Repeat the listing word for word, but skip any pictures.

= INFORMATION PROVIDED =
———
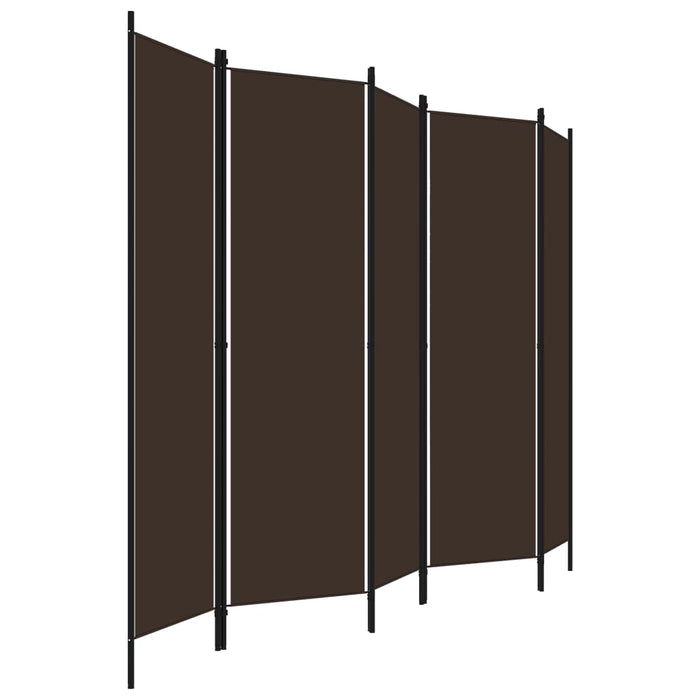 Paravan de cameră cu 5 panouri, maro, 250 x 180 cm - WALTI WALTI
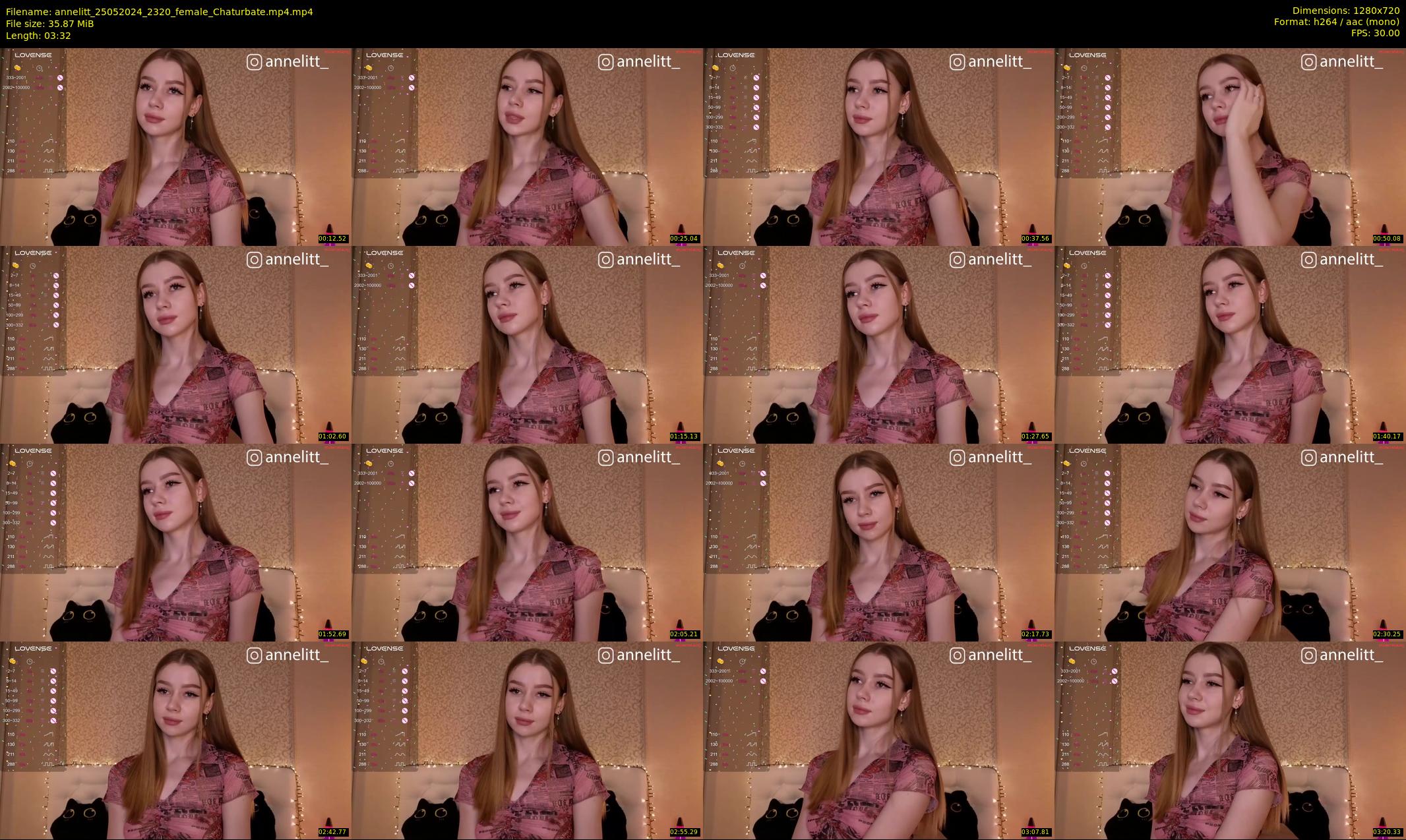 annelitt — 4 minute Chaturbate female cam show recording, 720p, May 25, 2024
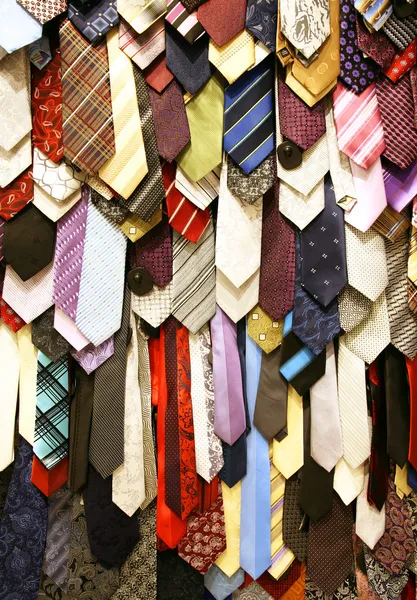 Мужские галстуки — стоковое фото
———
= REPLY TO THE TASK =
 Paravan de cameră cu 5 panouri, maro, 250 x 180 cm - WALTI WALTI
 annelitt — 4 minute Chaturbate female cam show recording, 720p, May 25, 2024
 Мужские галстуки — стоковое фото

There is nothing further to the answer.